CategoricalArrays.jl
CategoricalArrays.jl copied to clipboard
Add `Vector` conversion
Currently there is an inconsistency between Array and Vector conversions for categorical arrays
julia> x = CategoricalArray([1, 1, 1, 2, 2, 3]);
julia> Array(x)
6-element Array{Int64,1}:
1
1
1
2
2
3
julia> Vector(x)
6-element Array{CategoricalValue{Int64,UInt32},1}:
1
1
1
2
2
3
As mentioned on slack, a better solution overall would be to make Vector return a CategoricalArray and have an explicit uncategorize method.
Vector may not return CategoricalArray, as Vector has a very concrete meaning in Base (it should call a constructor of Vector that should allocate a fresh Vector as opposed to e.g. convert functions).
Good catch.
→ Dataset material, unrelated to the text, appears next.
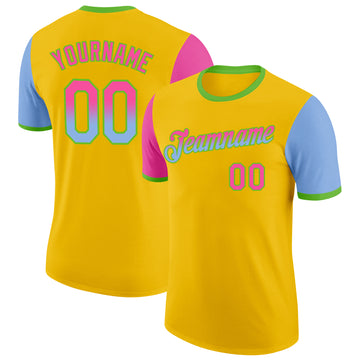 Custom Yellow Pink Light Blue-Aurora Green Gradient Two Tone Performance T-Shirt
These indeed have to return an Array, but we should decide whether to return an Array{Int} or an Array {<:CategoricalValue{Int}}. This is related to whether we keep the current similar and collect overloads, which ensure Array{<:CategoricalValue} is never produced: if we drop them, we could return Array{<:CategoricalValue{Int}}, which is somewhat more logical than Array{Int}.
EDIT: though reading the Slack thread it seems that Array{Int} is what was expected (in that case at least)
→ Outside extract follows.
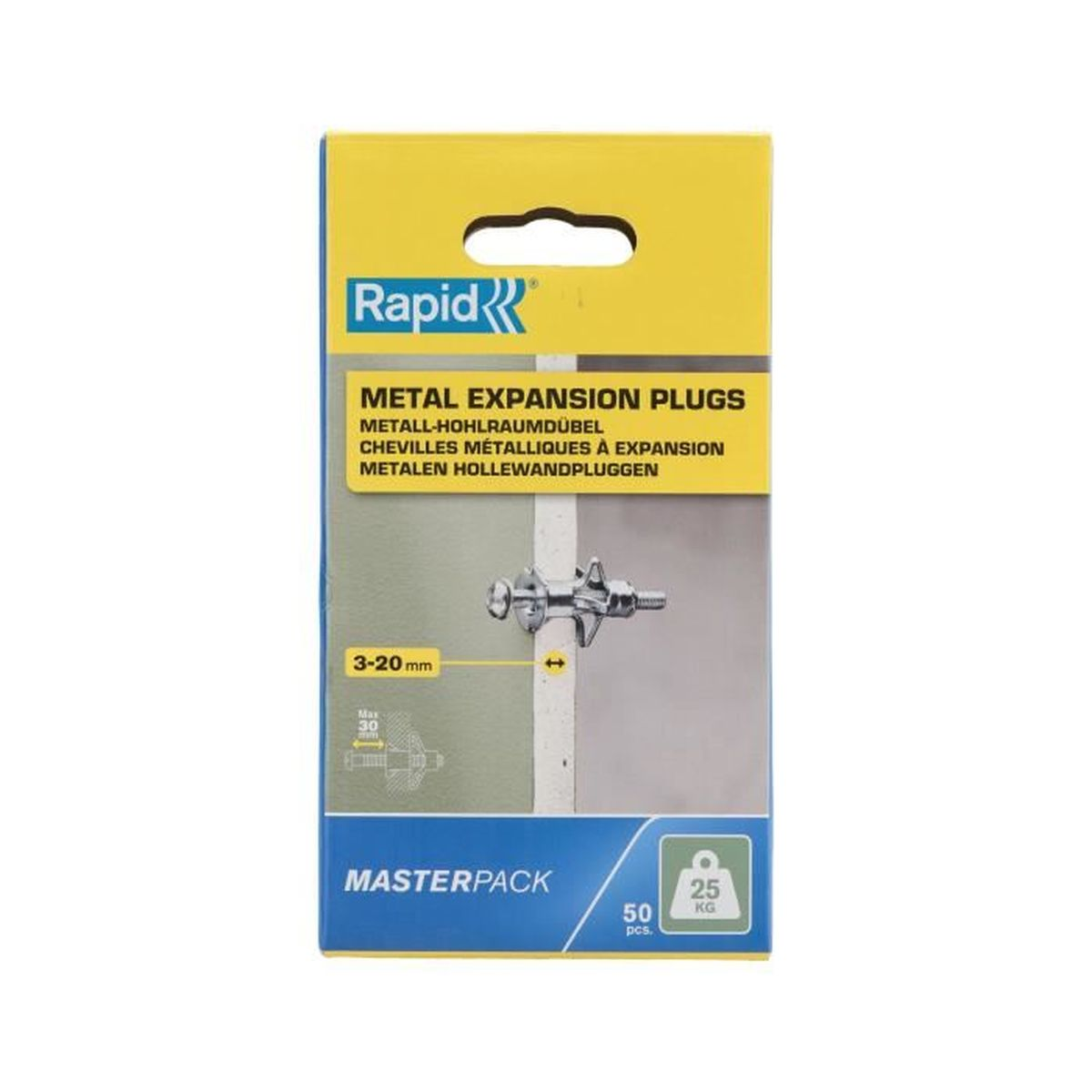 Verpackung für Metall-Hohlraumdübel, 3-20 mm, 50 Stück, 25 kg.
It was expected for consistency with Array. However, I think that in these cases we could allow some flexibility and change the behaviour if it helps in other areas.
if we drop them, we could return
Array{<:CategoricalValue{Int}}, which is somewhat more logical thanArray{Int}.
I think most people converting to a Array are just saying "I want out! give me numbers again!". I think Array{<:CategoricalValue{Int}} is fine as long as we give people an explicit decategorize command.
broadcasted get now almost does it (except that it fails on missing)
Do we have a plan for get to work with missing?
I just had a frustrating experience with factors in R and thought Julia would be nicer, but this is still annoying.
passmissing(get)?
Ah that does work. Fair enough!
I don't really understand the choice of get to be honest, since a categorical value isn't a collection. If we made our own function we could define it for missing. But I appreciate the need to get to 1.0 and it's not that big a deal.
Actually get is also my long-standing gripe https://github.com/JuliaData/CategoricalArrays.jl/issues/142. I would change it if @nalimilan supported this (and then passmissing would not be needed).
AFAICT we agreed on using unwrap at #142. We just need to move the definition from Tables.jl to DataAPI.jl.
@quinnj - would you have time to make this move? Then we can update CategoricalArrays.jl
PR up: https://github.com/JuliaData/DataAPI.jl/pull/35. So I realized we don't really need to move anything from Tables.jl; the definitions there are...not really related and not really necessary. Like, they're not useful generically. So we just define the single unwrap(x) = x definition in DataAPI.jl that CategoricalArrays can overload.